The Discus-2 has also been successful though the competition from the Rolladen-Schneider LS8 and the Alexander Schleicher ASW 28 has meant that the Discus-2 has not sold in such great numbers as its predecessor, which went unchallenged for many years.

===18 metre version===
A version with an 18-metre span, with the option of smaller wing tips to fly as a Standard Class glider, was launched in 2004 and designated Discus-2c.
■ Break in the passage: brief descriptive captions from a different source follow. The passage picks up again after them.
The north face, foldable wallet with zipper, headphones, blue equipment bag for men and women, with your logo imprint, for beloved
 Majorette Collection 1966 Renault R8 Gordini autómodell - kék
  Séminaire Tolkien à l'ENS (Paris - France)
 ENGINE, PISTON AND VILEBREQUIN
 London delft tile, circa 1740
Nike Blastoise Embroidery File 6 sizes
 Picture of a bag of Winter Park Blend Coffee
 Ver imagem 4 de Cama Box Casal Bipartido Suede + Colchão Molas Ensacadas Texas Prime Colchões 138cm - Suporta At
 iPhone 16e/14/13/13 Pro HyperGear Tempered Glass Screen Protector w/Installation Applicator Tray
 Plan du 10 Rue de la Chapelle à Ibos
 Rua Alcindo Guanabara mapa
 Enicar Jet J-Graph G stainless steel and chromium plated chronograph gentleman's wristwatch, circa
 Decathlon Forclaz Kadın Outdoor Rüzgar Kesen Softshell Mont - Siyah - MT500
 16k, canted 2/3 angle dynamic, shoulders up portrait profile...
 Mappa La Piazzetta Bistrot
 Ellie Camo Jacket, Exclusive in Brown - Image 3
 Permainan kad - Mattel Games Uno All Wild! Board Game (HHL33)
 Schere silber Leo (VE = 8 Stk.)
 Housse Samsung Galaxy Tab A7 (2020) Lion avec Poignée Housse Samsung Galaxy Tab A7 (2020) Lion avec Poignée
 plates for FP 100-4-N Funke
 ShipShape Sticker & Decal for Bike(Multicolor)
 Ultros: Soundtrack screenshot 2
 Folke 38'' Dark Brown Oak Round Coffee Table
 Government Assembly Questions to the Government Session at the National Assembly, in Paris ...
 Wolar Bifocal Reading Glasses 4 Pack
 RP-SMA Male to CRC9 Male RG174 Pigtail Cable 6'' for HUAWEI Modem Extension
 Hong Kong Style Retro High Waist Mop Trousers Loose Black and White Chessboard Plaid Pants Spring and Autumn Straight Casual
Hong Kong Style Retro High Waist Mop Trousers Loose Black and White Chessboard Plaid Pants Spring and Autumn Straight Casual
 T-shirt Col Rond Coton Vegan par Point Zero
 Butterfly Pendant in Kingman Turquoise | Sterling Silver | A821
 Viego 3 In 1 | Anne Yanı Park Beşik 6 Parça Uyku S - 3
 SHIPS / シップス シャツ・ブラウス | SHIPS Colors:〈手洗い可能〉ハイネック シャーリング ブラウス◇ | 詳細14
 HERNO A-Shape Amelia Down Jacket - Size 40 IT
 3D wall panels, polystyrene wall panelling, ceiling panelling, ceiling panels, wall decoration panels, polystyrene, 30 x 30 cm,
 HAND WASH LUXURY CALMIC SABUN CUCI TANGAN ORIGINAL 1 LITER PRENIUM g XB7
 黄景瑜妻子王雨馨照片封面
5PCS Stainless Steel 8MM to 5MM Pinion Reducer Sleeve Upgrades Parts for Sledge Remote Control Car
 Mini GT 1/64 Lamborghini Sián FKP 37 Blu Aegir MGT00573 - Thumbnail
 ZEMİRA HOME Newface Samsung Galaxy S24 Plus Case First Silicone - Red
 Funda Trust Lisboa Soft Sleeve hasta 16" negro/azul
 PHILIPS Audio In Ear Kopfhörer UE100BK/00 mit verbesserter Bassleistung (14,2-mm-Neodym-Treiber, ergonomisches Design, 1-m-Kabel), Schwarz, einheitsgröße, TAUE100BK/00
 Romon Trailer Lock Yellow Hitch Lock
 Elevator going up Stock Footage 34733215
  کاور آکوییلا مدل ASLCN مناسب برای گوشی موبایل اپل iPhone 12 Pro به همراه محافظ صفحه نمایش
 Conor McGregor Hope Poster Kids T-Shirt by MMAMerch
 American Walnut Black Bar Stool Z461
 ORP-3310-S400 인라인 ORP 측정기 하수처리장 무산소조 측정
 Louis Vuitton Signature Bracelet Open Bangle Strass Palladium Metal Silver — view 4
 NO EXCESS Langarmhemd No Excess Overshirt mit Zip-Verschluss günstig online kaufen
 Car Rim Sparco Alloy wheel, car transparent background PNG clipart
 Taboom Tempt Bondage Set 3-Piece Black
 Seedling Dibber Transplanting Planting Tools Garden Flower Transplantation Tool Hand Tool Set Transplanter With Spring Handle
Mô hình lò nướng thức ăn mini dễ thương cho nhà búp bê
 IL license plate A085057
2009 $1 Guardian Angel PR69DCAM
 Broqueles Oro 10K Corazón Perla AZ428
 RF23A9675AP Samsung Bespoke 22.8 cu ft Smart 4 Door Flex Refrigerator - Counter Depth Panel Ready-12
When fitted with a small sustaining engine (turbo) it is designated Discus-2cT.

==Variants==
- Discus-2a
Production variant with 15 metre wingspan and narrow cockpit. 0.54 m (1.77 ft) in width, 0.75 m (2.46 ft) in height.
- Discus-2b
Production variant with 15 metre wingspan and wider cockpit. 0.62 m (2.03 ft) in width, 0.81 m (2.66 ft) in height.
- Discus-2T
"Turbo" variant with 15 metre wingspan and a 15.3 kW (20.5 hp) SOLO 2350 2-stroke, 2 cylinder sustainer engine.
- Discus-2c
Production variant with 15 metre or 18 metre wingspan.
- Discus-2cT
"Turbo" variant with 15 metre or 18 metre wingspan and a 15.3 kW (20.5 hp) SOLO 2350 2-stroke, 2 cylinder sustainer engine.
- Discus-2c FES
Production variant with 15 metre or 18 metre wingspan equipped with a front electric sustainer.